Что ж, Мурава тоже вряд ли куда-то уйдет, даже если придется стоять не день, не три, а трижды три или тридцать. И худо будет тому, кто попробует ее увести или прогнать.
***
С помоста спустились палачи и тюремщики. Вид они имели помятый и потому глядели не особо довольно.
— Ух, зараза! — прогнусавил прыщавый молокосос, прижимая к разбитому носу медный дирхем. — Прыткий какой оказался! Видать, мало его пытали! Едва не убег!
— Да за такие дела ему следовало бы напоследок выколоть глаза, а заодно оторвать и все остальное! — отозвался другой страж, угрюмо потиравший зашибленную руку.
— Да ладно вам! — почти ласково пророкотал, вытирая испачканные в крови руки, мордатый палач. — Пусть посмотрит на солнышко еще чуток! Воронам и собакам тоже надо чем-то полакомиться!
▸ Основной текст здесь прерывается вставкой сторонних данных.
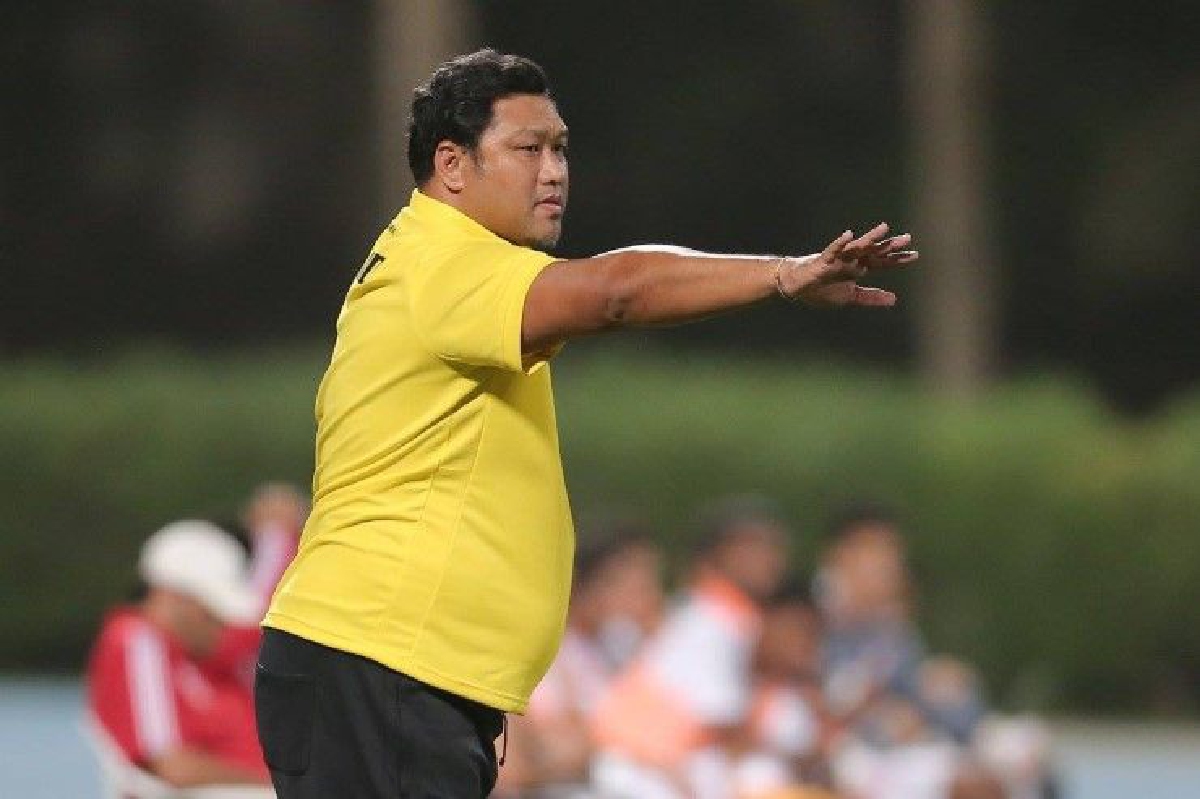 "โค้ชโย่ง" ปลื้มลูกทีมไม่กลัวเจ้าภาพพลิกดับยูเออี 2-1 "โค้ชโย่ง" ปลื้มลูกทีมไม่กลัวเจ้าภาพพลิกดับยูเออี 2-1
Застывшая с остановившимся взглядом Мурава встрепенулась. Полные муки глаза еще раз оглядели помост. Тело русса выглядело неподвижным и безжизненным. Голова упала на грудь. Где в этот миг находилась его душа? Бродила неподалеку, привязанная к телу тонкими невидимыми нитями, или уже устремилась в пестрой шкуре пардуса к тучным нивам и сочным, полным дичи лугам?
Мурава сделала несколько шагов вперед, то ли желая что-то разглядеть, то ли намереваясь получше запечатлеть в цепкой памяти, потом внезапно повернулась и быстрыми шагами пошла прочь.
— Куда ты, хозяюшка? — недоуменно спросил, нагоняя ее, Тороп.
— Тело Хельгисона не должно стать собачьей сытью! — пояснила она.
Тороп еще продолжал хлопать глазами, а его хозяйка ужасающе спокойным голосом спрашивала, где находится дом Азарии бен Моисея.
***
Со стороны улицы жилище хазарского вельможи мало чем отличалось от прочих городских домов: глухой забор из необожженного кирпича, пожелтевшие стены без окон, плоская крыша. Но стоило вступить под арку ворот, и изумленному взору открывалось и богатство тенистого, пышного сада, ажурные галереи, украшенные рядами изящных колонн, прохлада роскошных покоев, изобилующих шелком, серебром, драгоценными коврами, испанской керамикой и хвалисской резьбой.